Provided records –
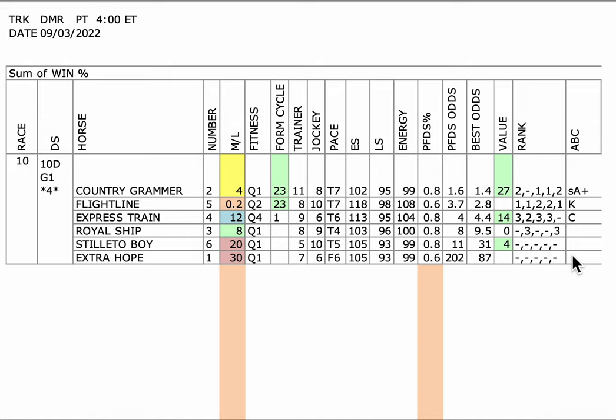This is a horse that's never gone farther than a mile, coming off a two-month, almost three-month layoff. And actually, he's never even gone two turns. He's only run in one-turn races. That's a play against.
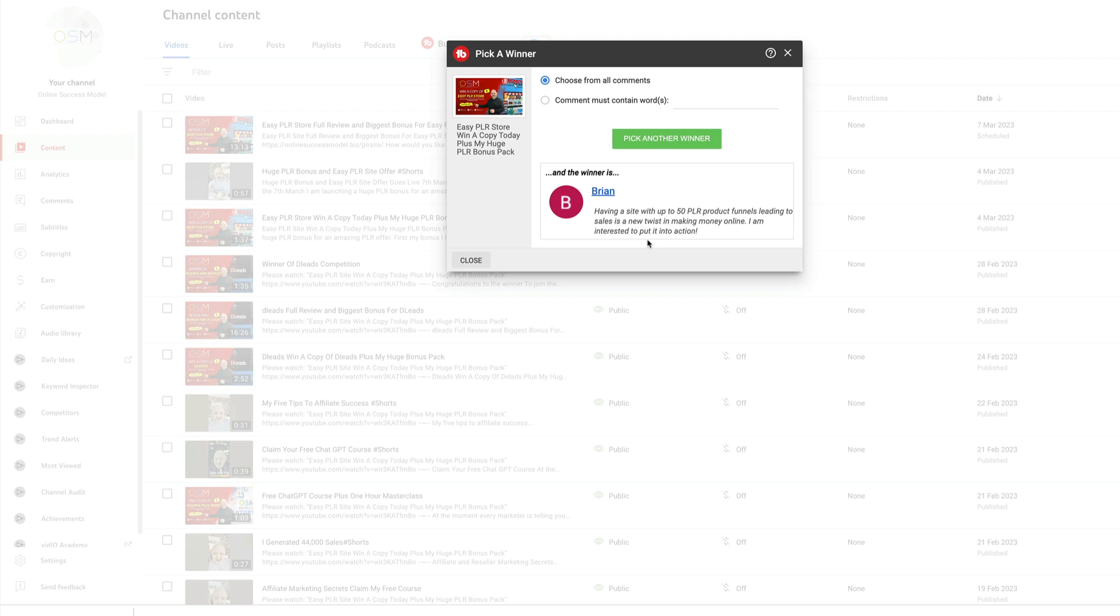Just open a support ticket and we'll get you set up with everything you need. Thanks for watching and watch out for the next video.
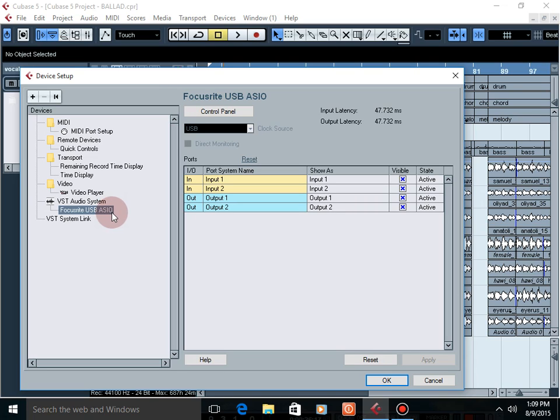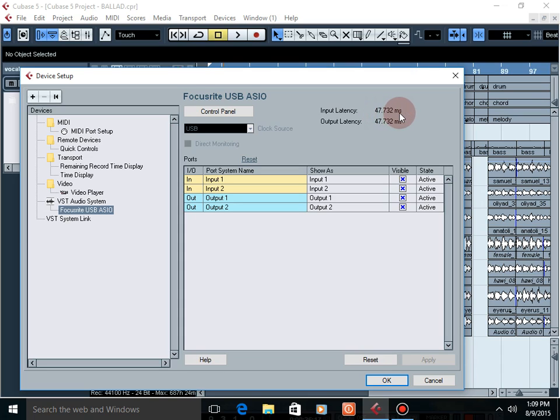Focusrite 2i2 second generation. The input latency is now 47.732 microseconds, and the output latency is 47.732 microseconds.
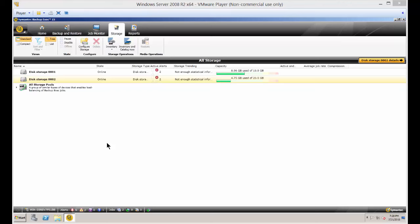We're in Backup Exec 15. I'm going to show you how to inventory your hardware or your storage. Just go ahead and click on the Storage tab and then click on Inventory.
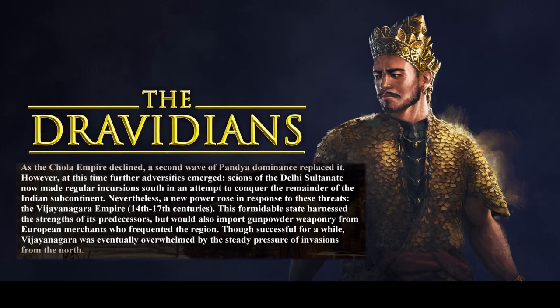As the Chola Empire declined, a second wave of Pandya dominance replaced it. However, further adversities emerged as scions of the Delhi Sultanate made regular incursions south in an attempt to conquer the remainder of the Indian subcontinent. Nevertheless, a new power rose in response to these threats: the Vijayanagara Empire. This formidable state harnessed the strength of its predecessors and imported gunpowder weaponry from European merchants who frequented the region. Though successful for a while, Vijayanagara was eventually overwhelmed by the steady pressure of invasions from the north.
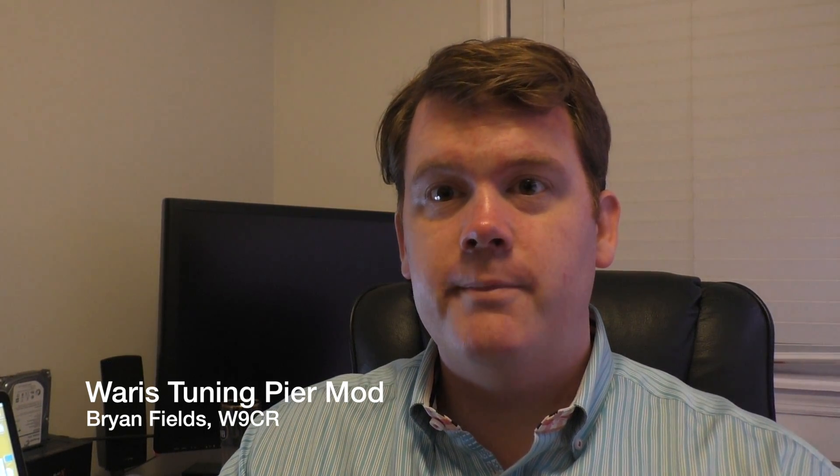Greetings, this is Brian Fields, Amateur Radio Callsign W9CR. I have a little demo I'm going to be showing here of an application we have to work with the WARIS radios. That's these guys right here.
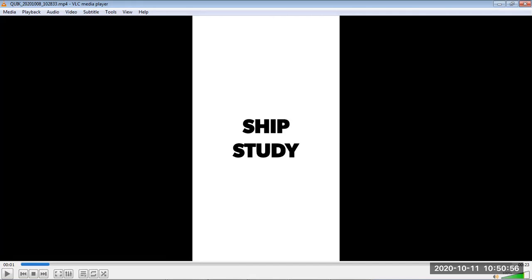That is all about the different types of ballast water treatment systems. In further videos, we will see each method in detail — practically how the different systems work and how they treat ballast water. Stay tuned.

Work instruction – Please print an exact copy of the records, with no pictures.

Answer space –
This is a horse that's never gone farther than a mile, coming off a two-month, almost three-month layoff. And actually, he's never even gone two turns. He's only run in one-turn races. That's a play against.
Just open a support ticket and we'll get you set up with everything you need. Thanks for watching and watch out for the next video.
Focusrite 2i2 second generation. The input latency is now 47.732 microseconds, and the output latency is 47.732 microseconds.
We're in Backup Exec 15. I'm going to show you how to inventory your hardware or your storage. Just go ahead and click on the Storage tab and then click on Inventory.
As the Chola Empire declined, a second wave of Pandya dominance replaced it. However, further adversities emerged as scions of the Delhi Sultanate made regular incursions south in an attempt to conquer the remainder of the Indian subcontinent. Nevertheless, a new power rose in response to these threats: the Vijayanagara Empire. This formidable state harnessed the strength of its predecessors and imported gunpowder weaponry from European merchants who frequented the region. Though successful for a while, Vijayanagara was eventually overwhelmed by the steady pressure of invasions from the north.
Greetings, this is Brian Fields, Amateur Radio Callsign W9CR. I have a little demo I'm going to be showing here of an application we have to work with the WARIS radios. That's these guys right here.
That is all about the different types of ballast water treatment systems. In further videos, we will see each method in detail — practically how the different systems work and how they treat ballast water. Stay tuned.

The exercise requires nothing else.